Carol knew her kindergarten classroom the way you know something you have built slowly, on purpose, over a long time.
The classroom library — organized by genre and interest, not level — had taken years. The morning meeting ritual, refined across two decades of teaching phonics and read-alouds and small-group conferring, was the heartbeat of her day. The dramatic play area, the read-aloud chair, the way her five-year-olds could spend forty minutes lost in picture books — all of it reflected a philosophy she believed in, had trained in, had presented at district professional development days on behalf of.
When the Science of Reading started appearing in the publications she read and the mandatory PD she attended, Carol did not dig in her heels. She is not that kind of person. She took notes. She nodded when appropriate. And on the drive home after the first session, she called her daughter and said, with the flat composure of someone keeping something at bay: “Twenty-two years. I gave twenty-two years to something that apparently wasn’t right.”
She did not cry on the phone. She cried in the car after she hung up.
The Weight of What She Believed
What Carol held — and what made the conversation about teaching phonics feel so specifically devastating — was not just a set of instructional strategies. It was an entire understanding of what a reading life looks like and how a teacher helps children grow into one.
She had been trained at Teachers College. She had annotated her Lucy Calkins books across multiple readings. She believed, because she had been taught by people she trusted, that immersion in rich language and books and choice and community was how children learned to love reading — and that the love, cultivated carefully, would carry the skills.
Her classroom was the evidence.
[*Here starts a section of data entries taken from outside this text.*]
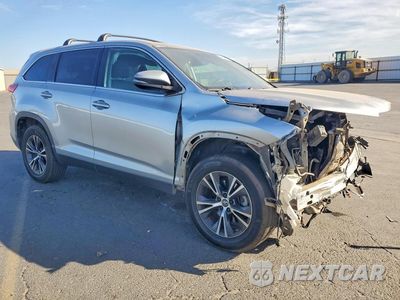 Czwarte zdjęcie samochodu z boku: 2019 TOYOTA HIGHLANDER LE VIN:5TDZZRFH5KS363442 - miniatura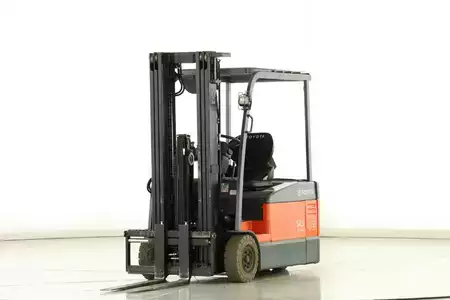 Carrelli elettrici 3 ruote 2009  Toyota 7-FBEF-18 (1)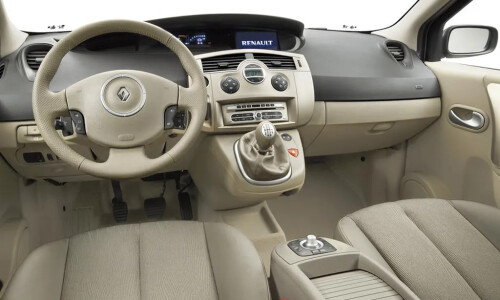 Renault Grand Scénic #12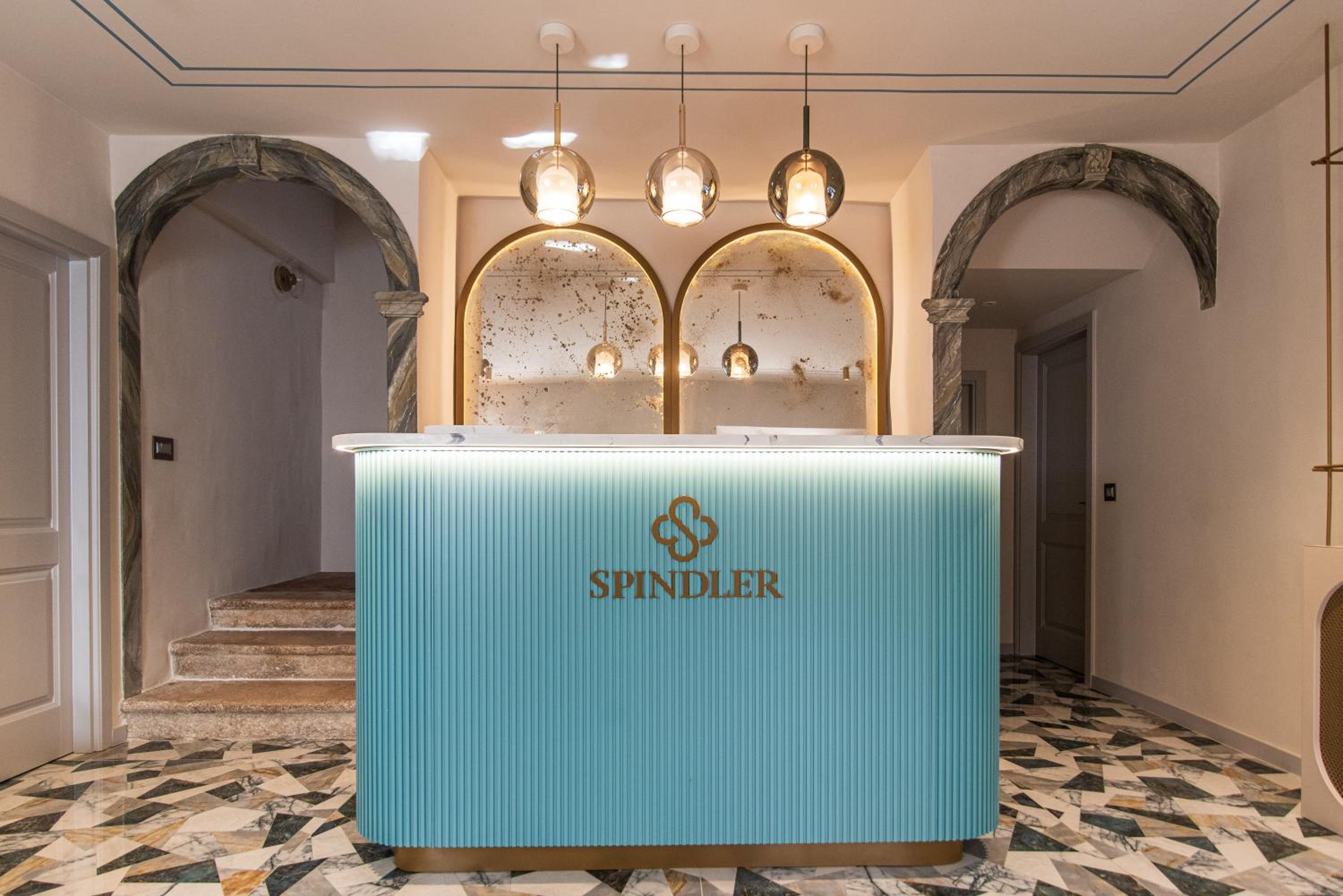 HERITAGE VILLA SPINDLER by DuHomes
Her kindergartners did love books. They came in excited and left with checkout cards tucked into their backpacks. Parents thanked her. Colleagues toured her room.
What she could not see clearly yet — not because she wasn’t looking, but because nothing in her training had given her the lens to see it — was that a portion of her students were not learning to read the way she thought they were. They were performing readerly behaviors. They were using pictures and memory and context and social intelligence to navigate a system that rewarded the appearance of reading before it required the skill.
That belief — that a love of books and strong community would do the foundational work — was not laziness or negligence. It was the reasonable conclusion of a teacher trained inside a particular system, working hard inside it, trusting the people who had taught her. The training failed her. Not the other way around.
The Turning Point
Carol’s granddaughter Nora started kindergarten the following fall at a school two towns over. Carol visited in October and sat in on Nora’s class.
What she expected — dry worksheets, joyless drills, the mechanical version of teaching phonics she had privately associated with the alternative to everything she had built — was not what she found. She watched five-year-olds segment phonemes in a game that made them laugh. She watched explicit letter-sound instruction delivered with warmth and play and the same sense of community she had always prioritized. Nora’s teacher was teaching phonics the way Carol had built read-alouds: with care, with intention, and with her students’ delight clearly in view.
And then she watched Nora, at the end of October, pick up a simple decodable text and read it. Not recite it from memory. Not use the picture. Read it — the words, one by one, the way a child does when she actually knows what the marks mean.
Carol had taught kindergarten for twenty-two years. Her students did not do that in October. Some of them did not do it in June.
She drove home slowly.
There was no epiphany in the car. There was just the particular discomfort of watching something you have believed in, worked hard at, and genuinely cared about meet a piece of evidence it cannot fully hold.